SOURCE DATA:
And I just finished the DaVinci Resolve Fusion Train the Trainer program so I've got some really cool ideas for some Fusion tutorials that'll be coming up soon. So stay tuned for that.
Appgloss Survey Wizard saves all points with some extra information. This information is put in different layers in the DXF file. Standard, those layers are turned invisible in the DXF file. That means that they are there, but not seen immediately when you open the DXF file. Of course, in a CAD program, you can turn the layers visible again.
--
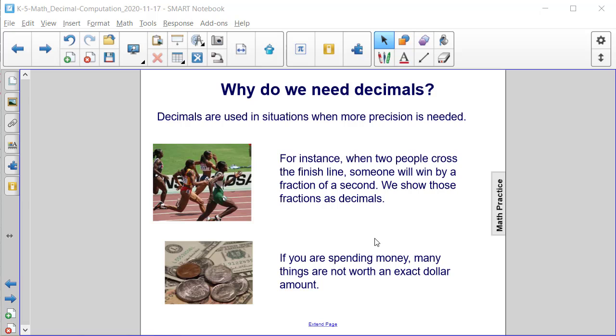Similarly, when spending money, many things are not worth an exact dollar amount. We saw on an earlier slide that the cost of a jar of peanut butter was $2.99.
...
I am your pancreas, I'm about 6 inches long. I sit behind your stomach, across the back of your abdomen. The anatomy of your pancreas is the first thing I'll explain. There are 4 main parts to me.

WHAT TO DO:
Lines from the records above that hold "some" are the ones to list.

EXERCISE SOLUTION:
And I just finished the DaVinci Resolve Fusion Train the Trainer program so I've got some really cool ideas for some Fusion tutorials that'll be coming up soon. So stay tuned for that.
Appgloss Survey Wizard saves all points with some extra information. This information is put in different layers in the DXF file. Standard, those layers are turned invisible in the DXF file. That means that they are there, but not seen immediately when you open the DXF file. Of course, in a CAD program, you can turn the layers visible again.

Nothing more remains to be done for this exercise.